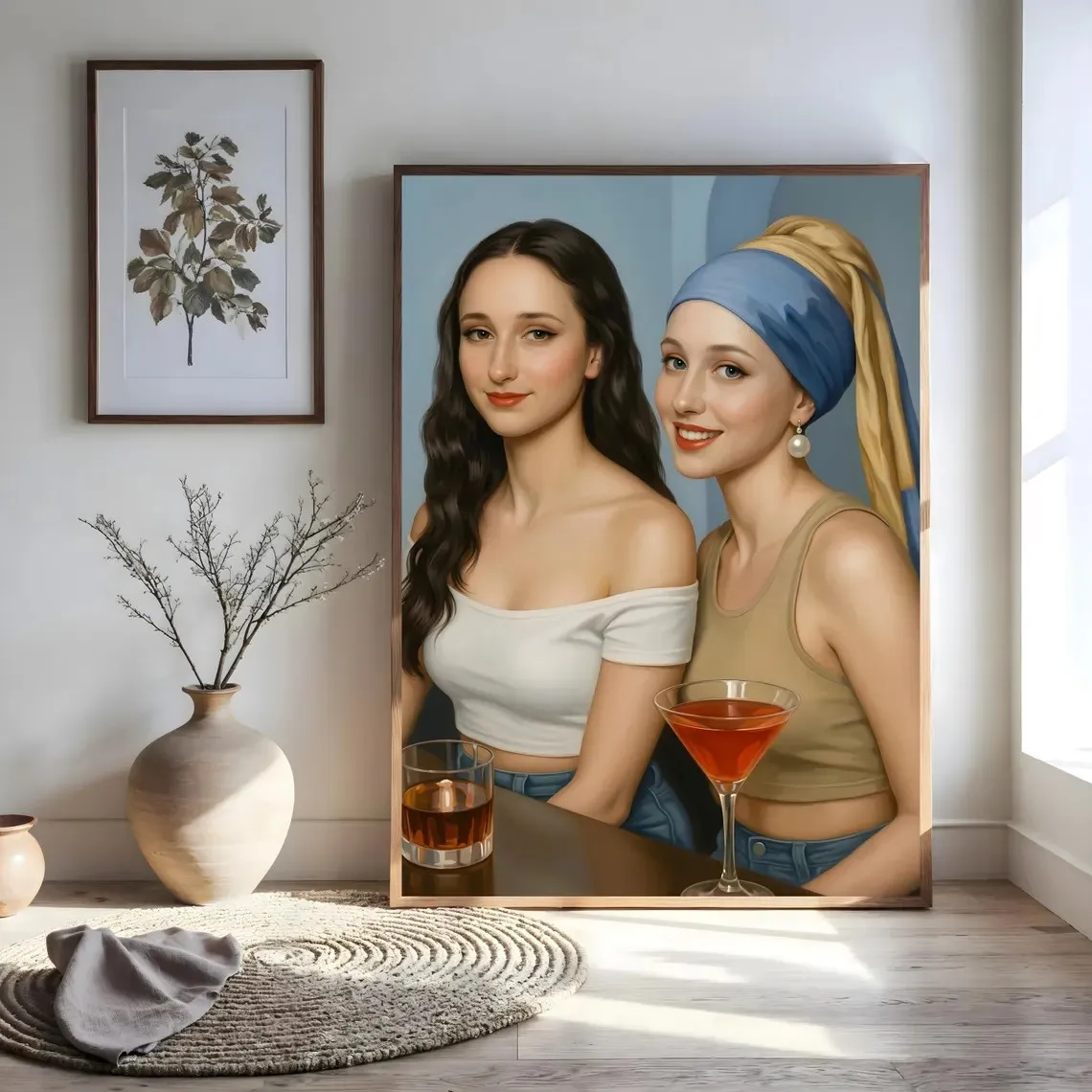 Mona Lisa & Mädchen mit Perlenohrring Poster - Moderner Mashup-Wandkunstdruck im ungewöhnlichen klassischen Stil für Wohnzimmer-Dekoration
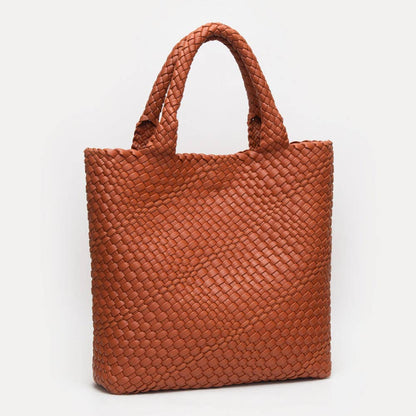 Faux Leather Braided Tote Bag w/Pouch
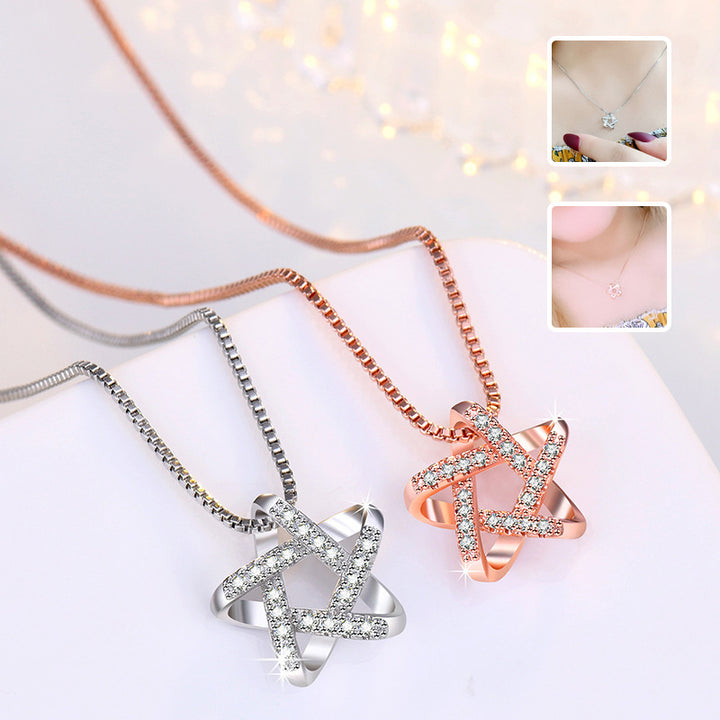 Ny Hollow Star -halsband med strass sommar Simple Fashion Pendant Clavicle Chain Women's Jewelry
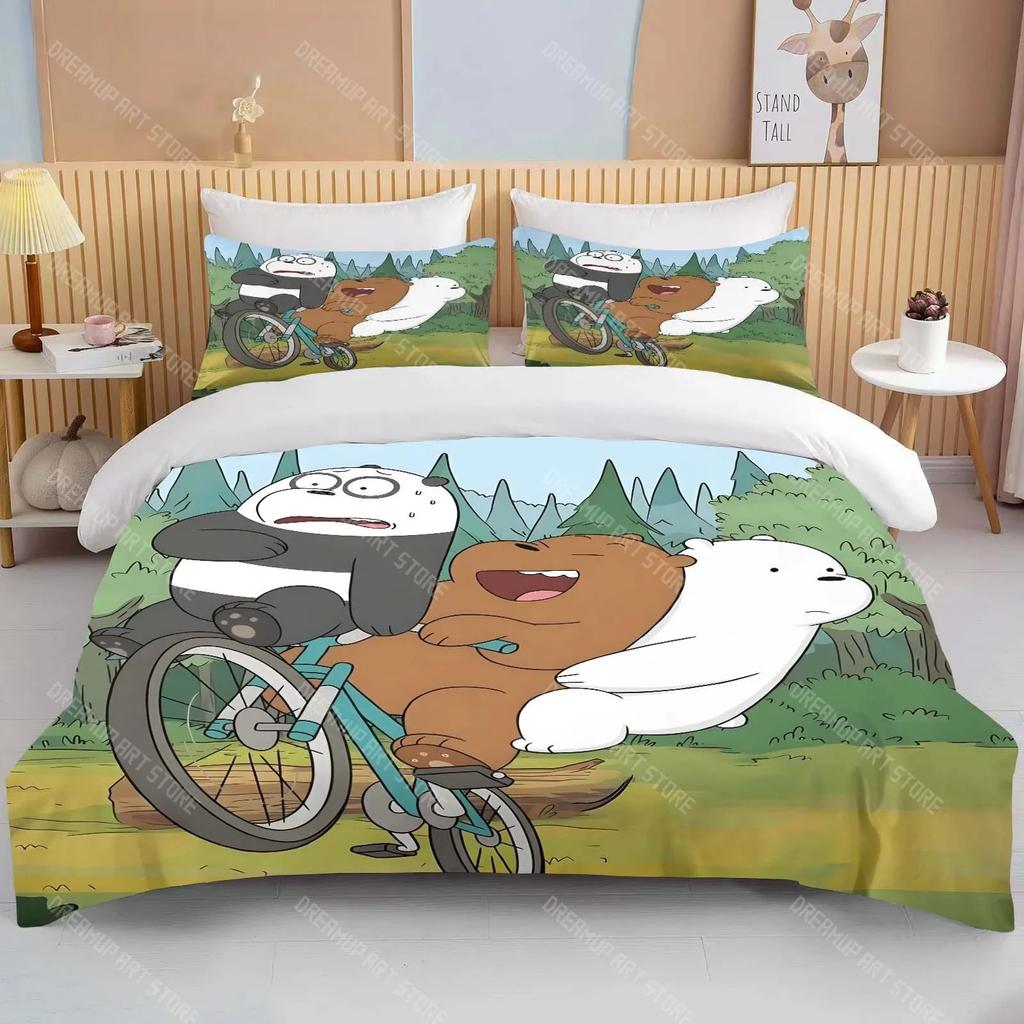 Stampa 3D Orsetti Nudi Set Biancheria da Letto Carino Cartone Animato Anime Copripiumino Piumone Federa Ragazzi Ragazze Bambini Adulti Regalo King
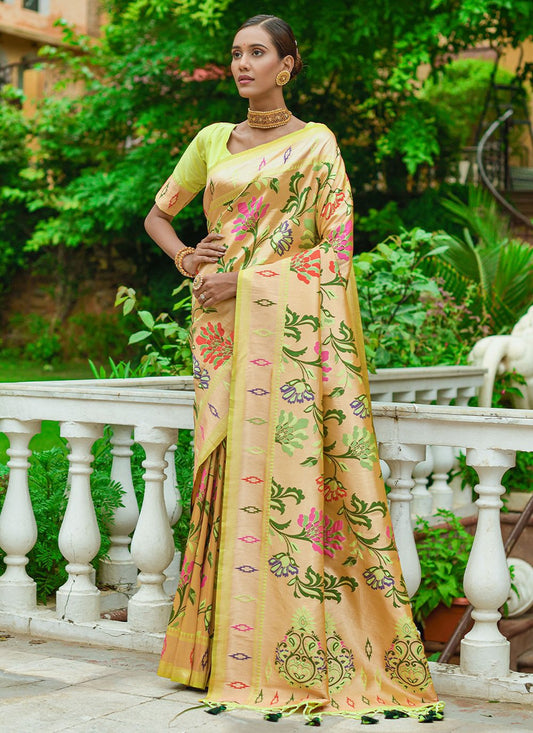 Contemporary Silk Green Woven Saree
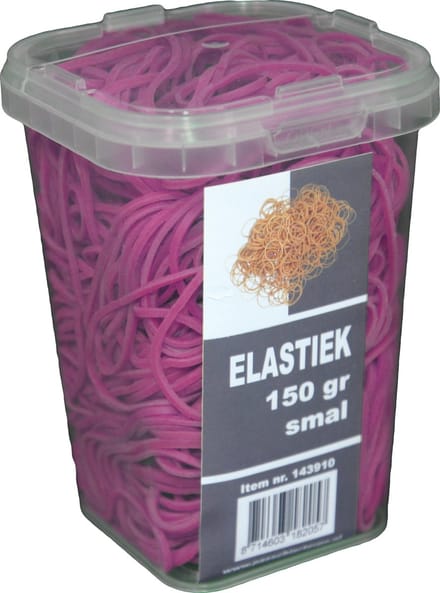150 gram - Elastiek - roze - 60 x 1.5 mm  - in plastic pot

========================================================================

- [WORK TO COMPLETE]: Pictures aside, transcribe exactly the lines from the line containing "Contemporary Silk Green Woven Saree" through the final line of the material above.

- [OUTPUT FOR THIS TASK]:
 Contemporary Silk Green Woven Saree
150 gram - Elastiek - roze - 60 x 1.5 mm  - in plastic pot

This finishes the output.